Ce 3e report, selon des syndicalistes des Fonderies du Poitou, intervient à la demande de Liberty House. Le groupe britannique est le probable repreneur des 2 sites d'Ingrandes-sur-Vienne. Mais il négocie encore les volumes de commandes avec Renault, le principal client.
Un accord entre les 2 parties n'étant toujours pas intervu ce lundi soir.

L'objectif est toujours de négocier avec Renault le volume et la durée des commandes après la reprise et le prix des pièces.

Prévues pour les 9 et 10 avril, les décisions ne seront pas rendues avant le 23 avril pour le site Alu et le 24 avril pour le site Fonte.
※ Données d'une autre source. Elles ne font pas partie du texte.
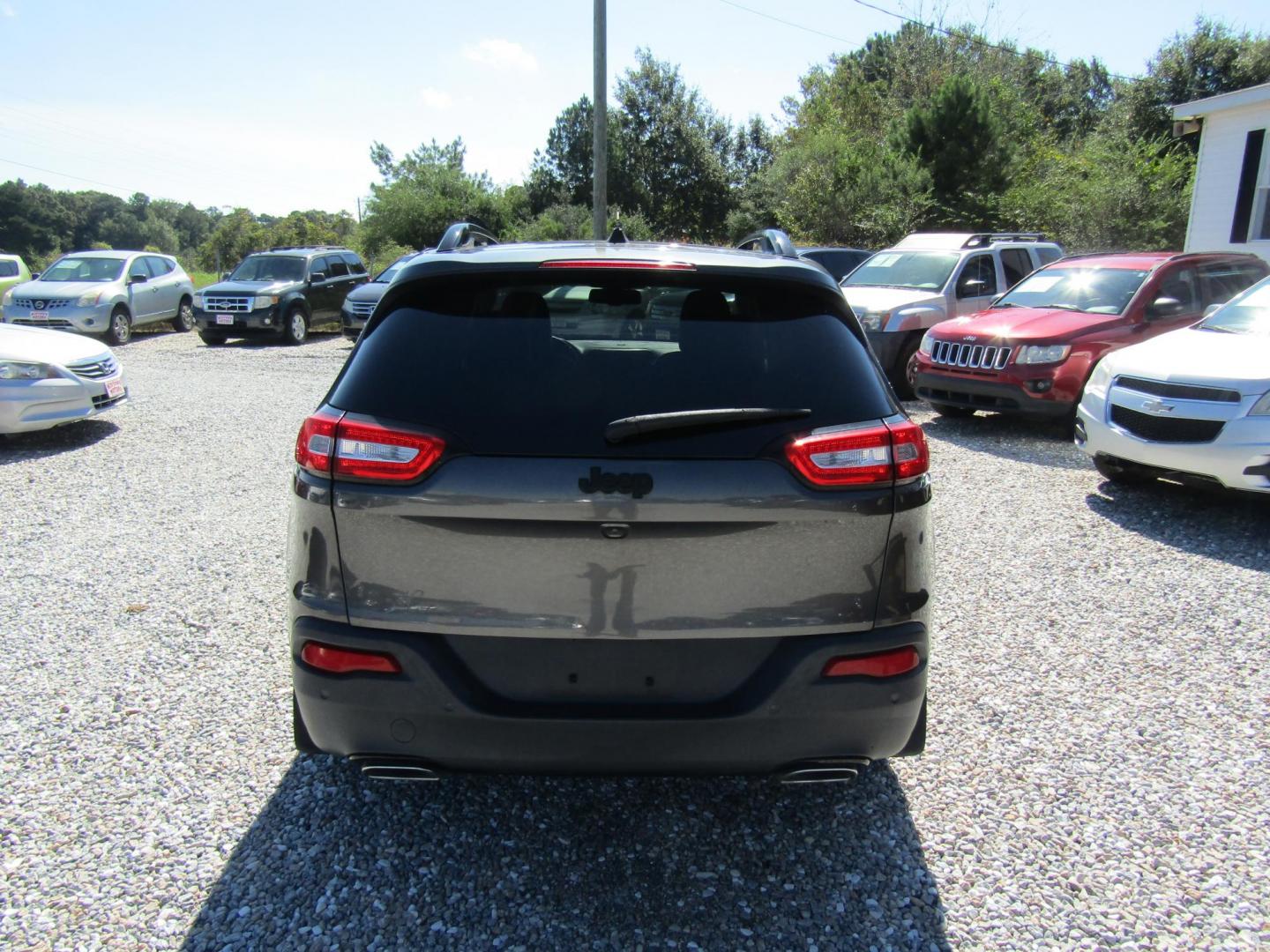 2016 Black Jeep Cherokee Limited FWD (1C4PJLDSXGW) with an 3.2L V6 DOHC 24V engine, Automatic transmission, located at 15016 S Hwy 231, Midland City, AL, 36350, (334) 983-3001, 31.306210, -85.495277 - Photo#5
Liberty House est "désormais seul en lice" et c'est sur sa demande que le tribunal a reporté sa décision, a assuré à l'AFP Tony Cleppe, délégué CGT pour l'usine FPF, victime principalement de la chute du diesel.
 

Ce nouveau report "n'est pas rassurant pour les salariés", qui "attendent le dénouement de cette procédure le plus rapidement possible", a déploré la CGT dans un communiqué.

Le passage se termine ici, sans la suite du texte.